Pictures with short captions:
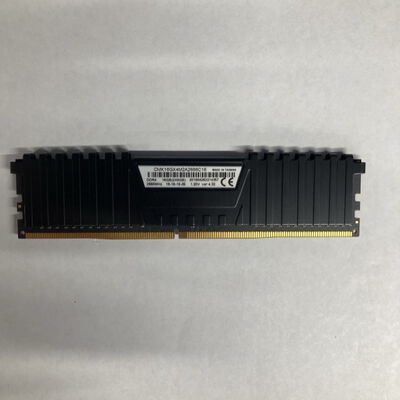 【千葉店】中古  PC4-21300 8GB デスクトップ用(DDR4-2666) 126165 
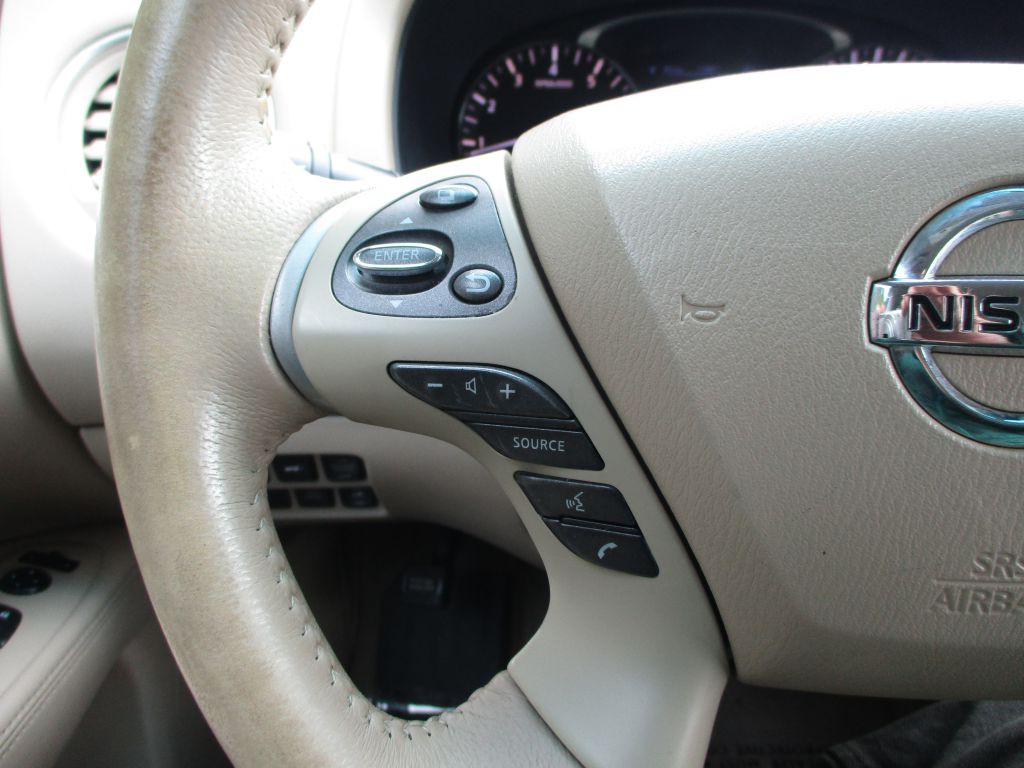 2014 Nissan Pathfinder Image 47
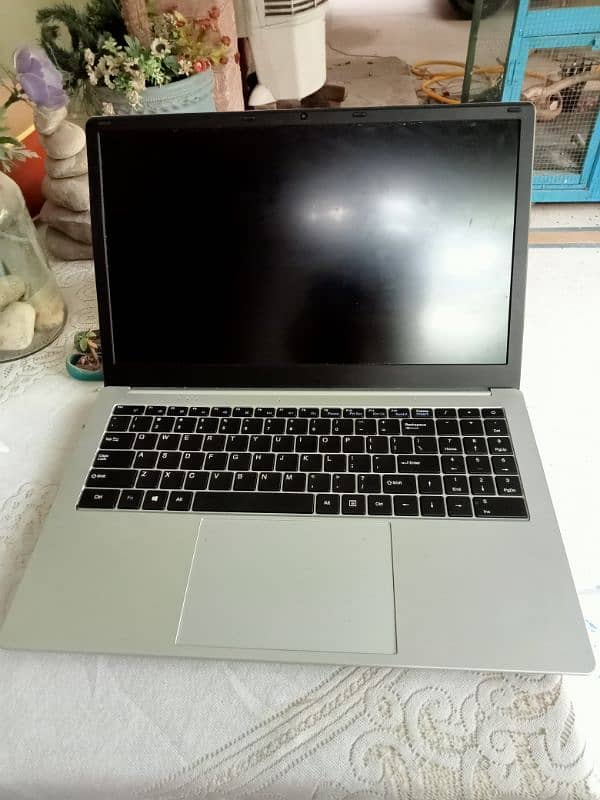 Macbook style laptop 1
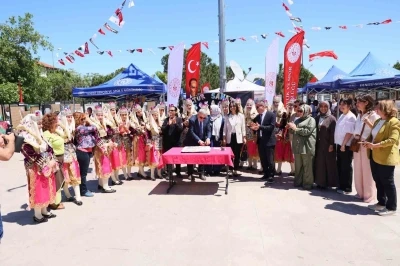 &Ouml;ğrencilerin el emeği eserleri beğeni topladı
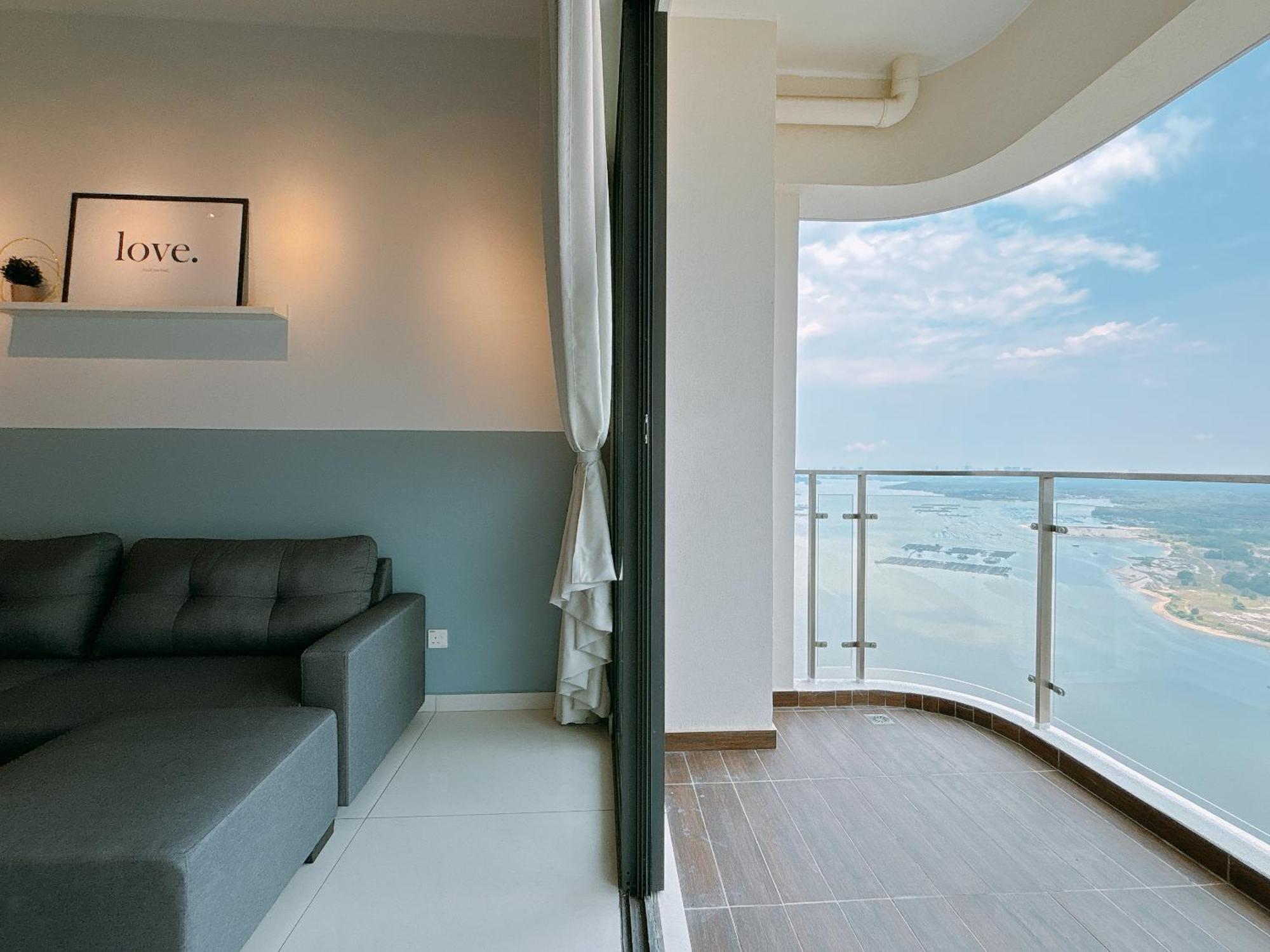 Ferienwohnung Sea View Country Garden Danga Bay By Lionsbay Johor Bahru Zimmer foto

• Work to be completed
Write out every line above exactly, minus images.

• Answer to the exercise
 【千葉店】中古  PC4-21300 8GB デスクトップ用(DDR4-2666) 126165 
 2014 Nissan Pathfinder Image 47
 Macbook style laptop 1
 &Ouml;ğrencilerin el emeği eserleri beğeni topladı
 Ferienwohnung Sea View Country Garden Danga Bay By Lionsbay Johor Bahru Zimmer foto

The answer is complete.